Why my numba+numpy implementation is faster than c+cffi?

Hi Everyone,
I am currently working on an image processing code for a project which was previously written in C and executed in Python using cffi. My implementation uses numba+numpy and I am surprised to find it 4x faster than the current C + cffi execution.
I previously encountered similar behaviour when a numba+numpy kmeans implementation was a bit faster than scikit-learn kmeans which I did not pay much heed to as my implementation was not exactly the same.
Can someone guide me in this regard as I am unable to explain how this implementation is faster than the C one. Here are some questions which are currently going through my mind:

  • Is it theoretically possible than numba+numpy implementation is faster than the corresponding C/C++ codes?
  • Is it something to do with llvmlite?
  • Is there some overhead due to the foreign function interface which can lead to this execution difference?

I shall be grateful if someone can thrown some light on this matter.

Thanks and Regards,
Ankit

hi, interesting question!

a few things off the top of my head:

  • if you completely re-wrote the code, I think it’s easy to introduce differences that generate better performance.
  • depending how you call the code, you might be going through python and adding some overhead (I don’t know much about cffi though)
  • many C compilers set the default to -O0, while Numba’s default is -O3. If the C code was not compiled with optimizations enabled, it can be many times slower.
  • jit compilers like numba get very specific information about the objects they work with, and in some cases can use this information to generate more efficient code. Think of the difference between std::vector (variable size) and std::array (fixed size). Or between n-D arrays, and 2-d arrays. Code that can support n-D arrays is more general and less efficient that code that only supports 2-d arrays.
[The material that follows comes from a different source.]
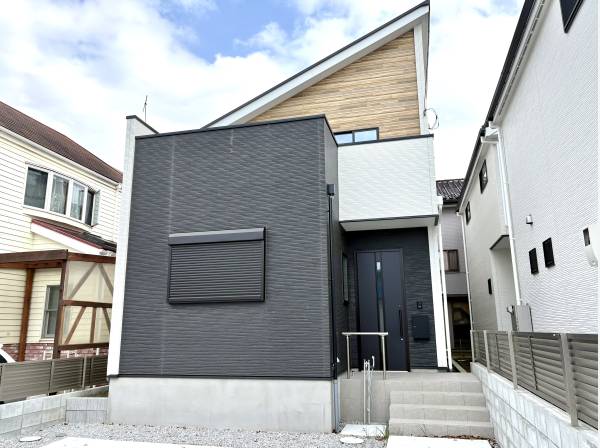 駐車は2台可能です。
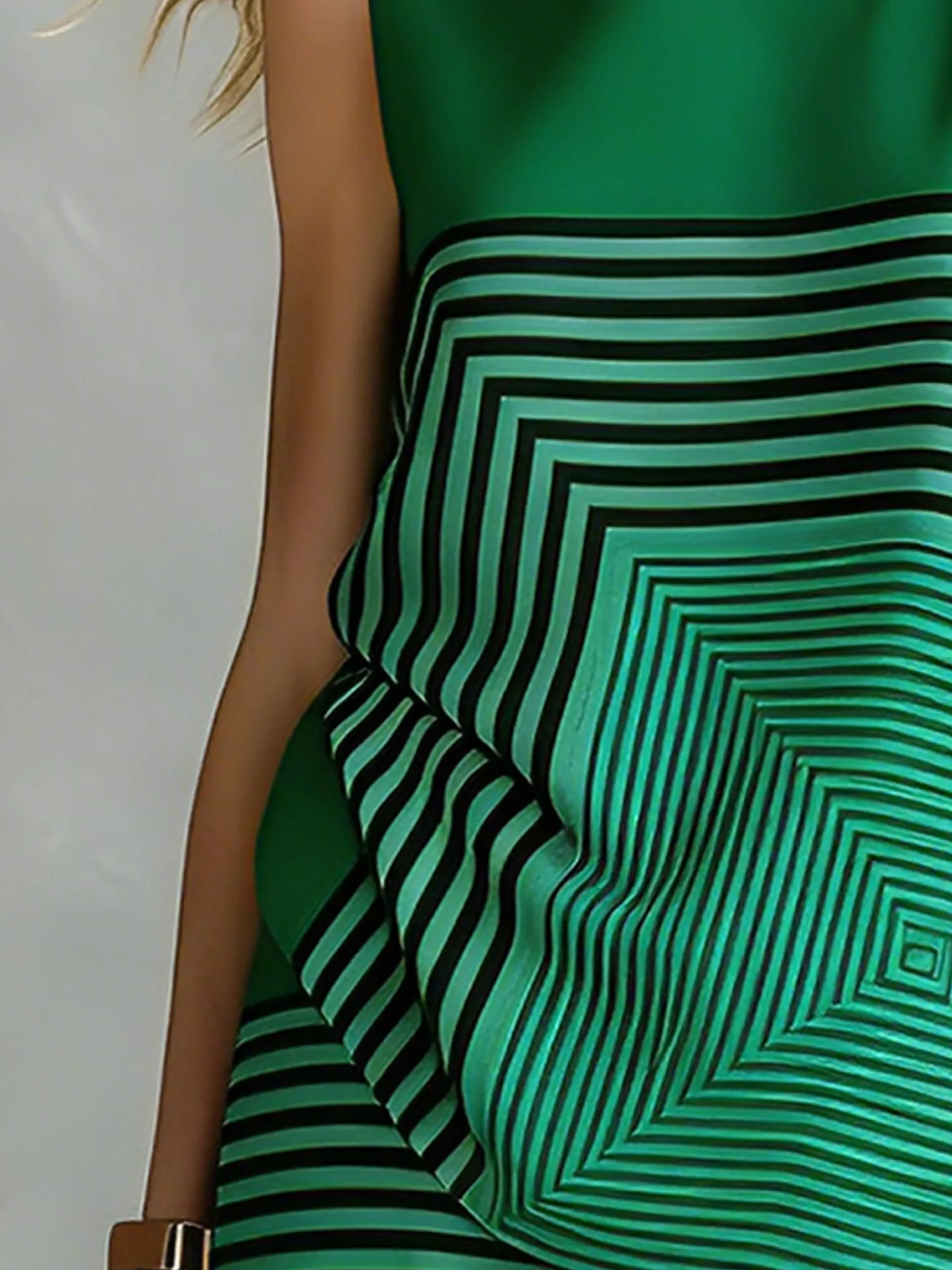 Urban Geometric Stripe Sleeveless Top Loose Fit Lightweight Daily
Numba compiles functions for the exact number of dimensions of the inputs, so it can be more efficient in some cases. In other cases, the time spent in additional compilations might not pay off, and the generic code is faster than the specific code once compilation time is taken into account.

Without seeing the code it is impossible to say what the reason is, and even with the code it can be very hard. But I’m guessing you don’t care about the exact reasons, and more about potential reasons why this is happening.

Luk

1 Like

Hi Luk,

Thanks for your answer. Really appreciate some of the insights you have put forward.

Regards,
Ankit